* [Stored data]:
===

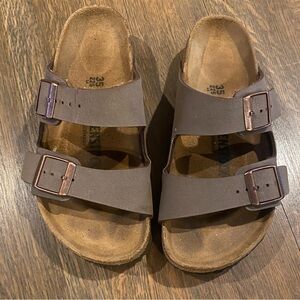 Birkenstock Arizona size 35 (US 4-4.5)
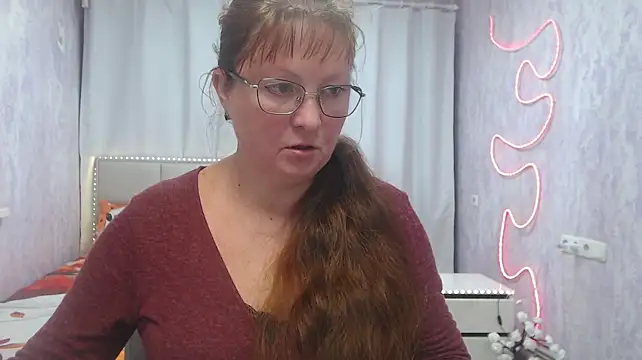 VanessaHotts - I'll put on sexy stockings for you.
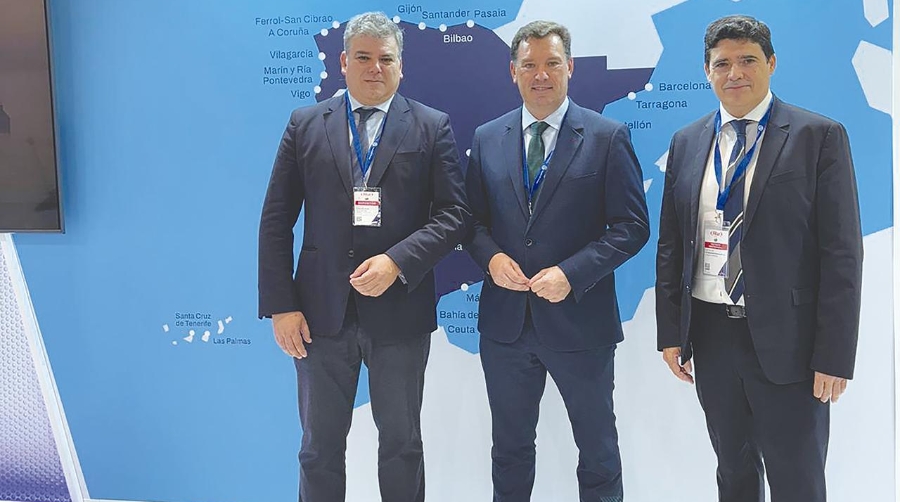 El presidente del Puerto de Huelva, Alberto Santana (centro) ha acudido a la muestra acompañado por el director del Puerto de Huelva, Alfonso Peña (izquierda), y el jefe del Área de Desarrollo de Negocio y Comercial, Jaime Beltrán (derecha).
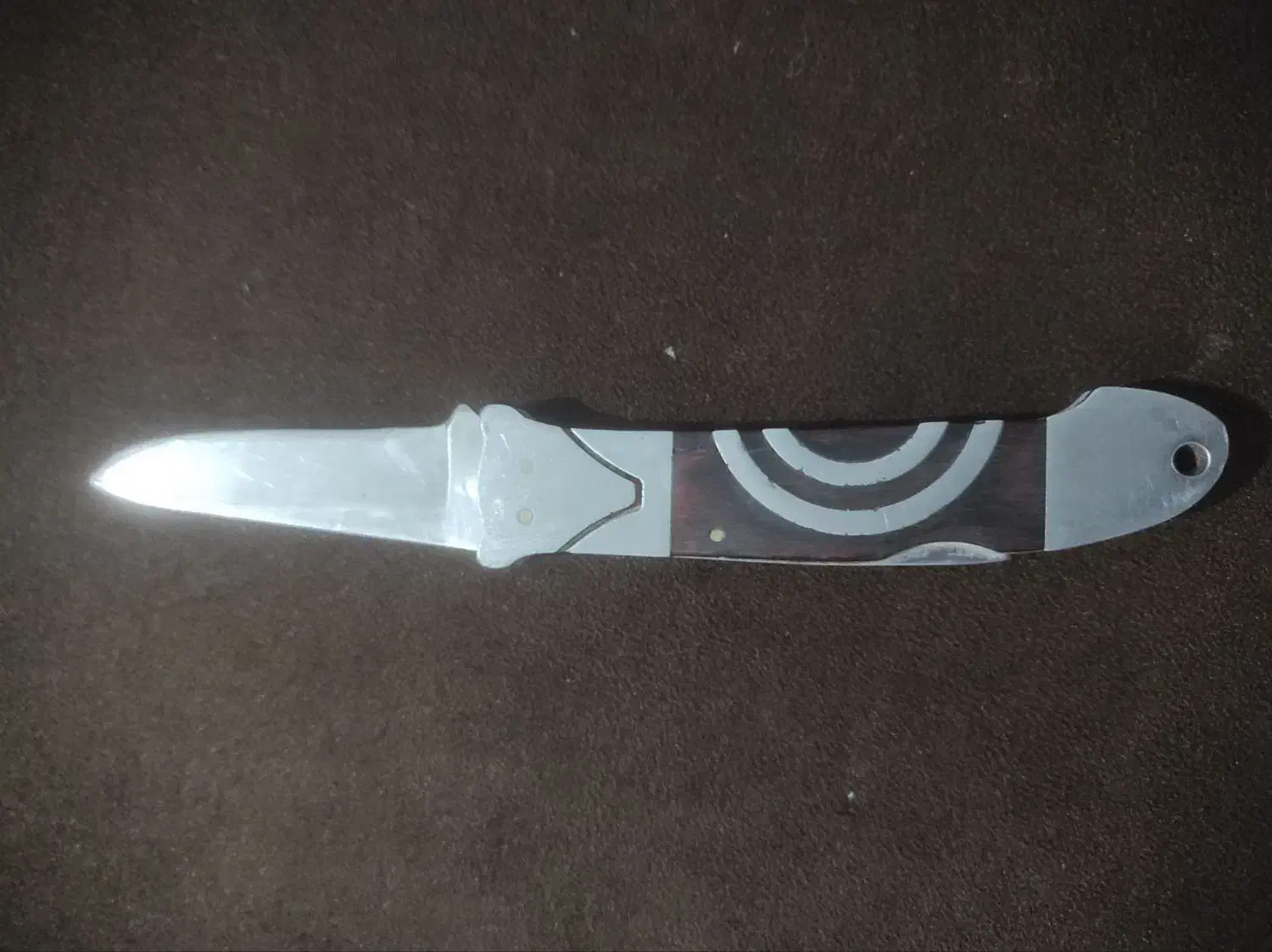 چاقو|کلکسیون اشیاء عتیقه|ارومیه, |دیوار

===

* [Task goal]: Beginning with the line containing "El presidente del" and ending with the last line of the data, output those lines exactly and nothing more. Omit every picture.

* [Response box]:
 El presidente del Puerto de Huelva, Alberto Santana (centro) ha acudido a la muestra acompañado por el director del Puerto de Huelva, Alfonso Peña (izquierda), y el jefe del Área de Desarrollo de Negocio y Comercial, Jaime Beltrán (derecha).
 چاقو|کلکسیون اشیاء عتیقه|ارومیه, |دیوار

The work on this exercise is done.